Tuesday 30 September 2008

Winter's coming. And I love winter, just for its mornings. The feel of waking up tucked under a quilt from chin to toe, curled up like a satisfied hedgehog, reaching for the kolbalish. Almora bhanga. That moment when you hug yourself tight and feel the heat breaking through pinnacles of ice and the alarm isn't ringing because there isn't any school. I can't have enough of such mornings.

I went to Sandakphu when I was a littler child than I am now. And we waited outside the car on a frozen road while a Nepali driver fiddled with the jack to mend a punctured tyre. I remember I had been absolutely determined to see snow, touch it, taste it. And now, across a stream, the snow lay thick under a copse of threadbare trees. Mounds of it, empty and white and without a shadow of a footprint. I squinted at it through red, watering eyes, picturebook winterland that it was, and begged to be let back in the car, to be taken back to the hotel. And so we went.

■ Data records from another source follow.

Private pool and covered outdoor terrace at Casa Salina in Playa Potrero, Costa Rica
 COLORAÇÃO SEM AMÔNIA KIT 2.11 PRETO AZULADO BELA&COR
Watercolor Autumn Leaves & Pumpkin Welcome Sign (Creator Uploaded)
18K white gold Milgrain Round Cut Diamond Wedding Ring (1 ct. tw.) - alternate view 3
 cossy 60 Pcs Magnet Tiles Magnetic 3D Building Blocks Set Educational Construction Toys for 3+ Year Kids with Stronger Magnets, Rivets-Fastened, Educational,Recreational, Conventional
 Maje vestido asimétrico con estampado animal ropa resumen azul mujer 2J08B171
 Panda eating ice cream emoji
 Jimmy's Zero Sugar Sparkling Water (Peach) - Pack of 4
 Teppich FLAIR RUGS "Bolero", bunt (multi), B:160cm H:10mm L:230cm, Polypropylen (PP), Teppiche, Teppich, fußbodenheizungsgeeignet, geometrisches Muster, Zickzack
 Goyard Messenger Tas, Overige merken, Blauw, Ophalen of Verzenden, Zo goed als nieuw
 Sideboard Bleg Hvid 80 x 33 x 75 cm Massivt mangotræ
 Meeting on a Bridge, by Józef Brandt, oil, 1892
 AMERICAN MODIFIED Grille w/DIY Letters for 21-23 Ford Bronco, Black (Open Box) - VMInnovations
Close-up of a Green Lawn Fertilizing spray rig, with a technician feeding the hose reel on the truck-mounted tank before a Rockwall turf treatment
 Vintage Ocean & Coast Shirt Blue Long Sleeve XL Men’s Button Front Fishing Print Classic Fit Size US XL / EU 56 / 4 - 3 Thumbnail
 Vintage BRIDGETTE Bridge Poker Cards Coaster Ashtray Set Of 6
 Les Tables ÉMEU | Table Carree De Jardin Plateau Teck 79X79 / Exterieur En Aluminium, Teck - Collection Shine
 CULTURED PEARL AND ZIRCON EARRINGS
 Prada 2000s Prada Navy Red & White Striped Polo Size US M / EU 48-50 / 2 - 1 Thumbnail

I still love all the typical Hallmark-card signs of winter. The snowflakes that never grace Calcutta, the leaping light of the hearth fire, the perfect cutouts of Christmas trees little children make in art class. But I love it from a distance, from the other side of the windowpane. Yes, I love the red and green that never looked so good, the smell of plum cake, and the veneer of genteel comfort that's there one second and vanishes when the frost sets in. And perhaps that's the best way to love what you don't know.